About this task: Where the line containing "Price Pfister 048CB0K" appears, start repeating, and continue exactly through the last line below, adding nothing. Include no pictures.

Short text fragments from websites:
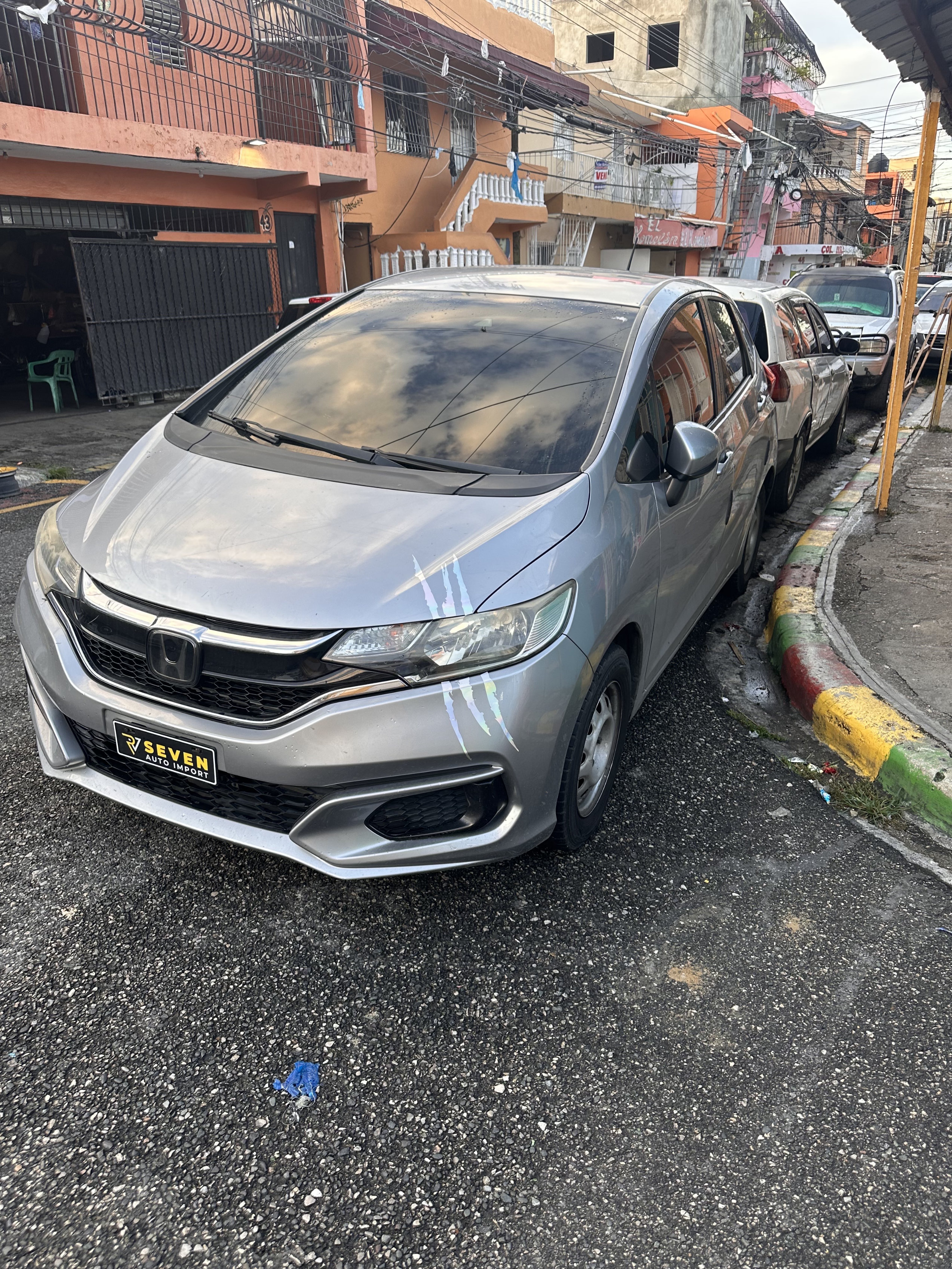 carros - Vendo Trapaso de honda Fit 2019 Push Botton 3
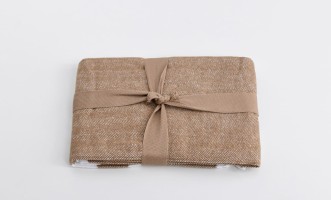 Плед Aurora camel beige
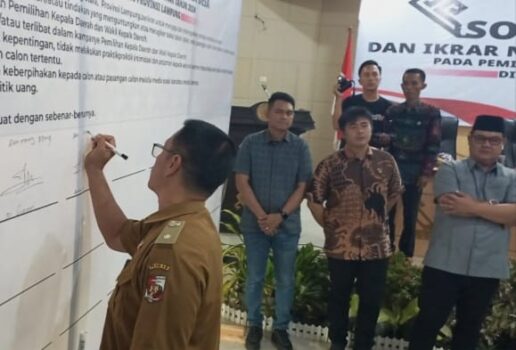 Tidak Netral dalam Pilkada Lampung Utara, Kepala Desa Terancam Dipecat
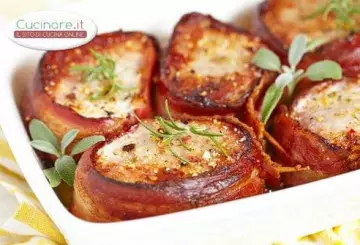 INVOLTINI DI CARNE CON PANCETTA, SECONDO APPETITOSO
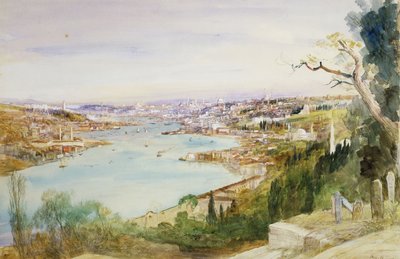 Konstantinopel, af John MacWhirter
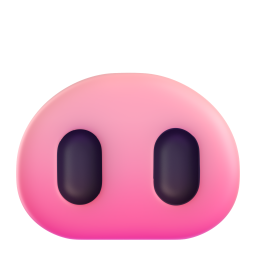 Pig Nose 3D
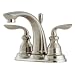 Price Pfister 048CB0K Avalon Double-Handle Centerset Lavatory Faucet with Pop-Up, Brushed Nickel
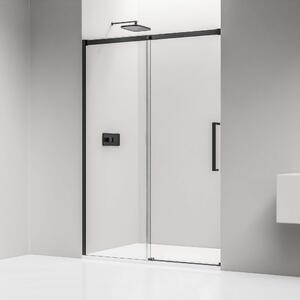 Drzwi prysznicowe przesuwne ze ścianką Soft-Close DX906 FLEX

Your solution:
 Price Pfister 048CB0K Avalon Double-Handle Centerset Lavatory Faucet with Pop-Up, Brushed Nickel
 Drzwi prysznicowe przesuwne ze ścianką Soft-Close DX906 FLEX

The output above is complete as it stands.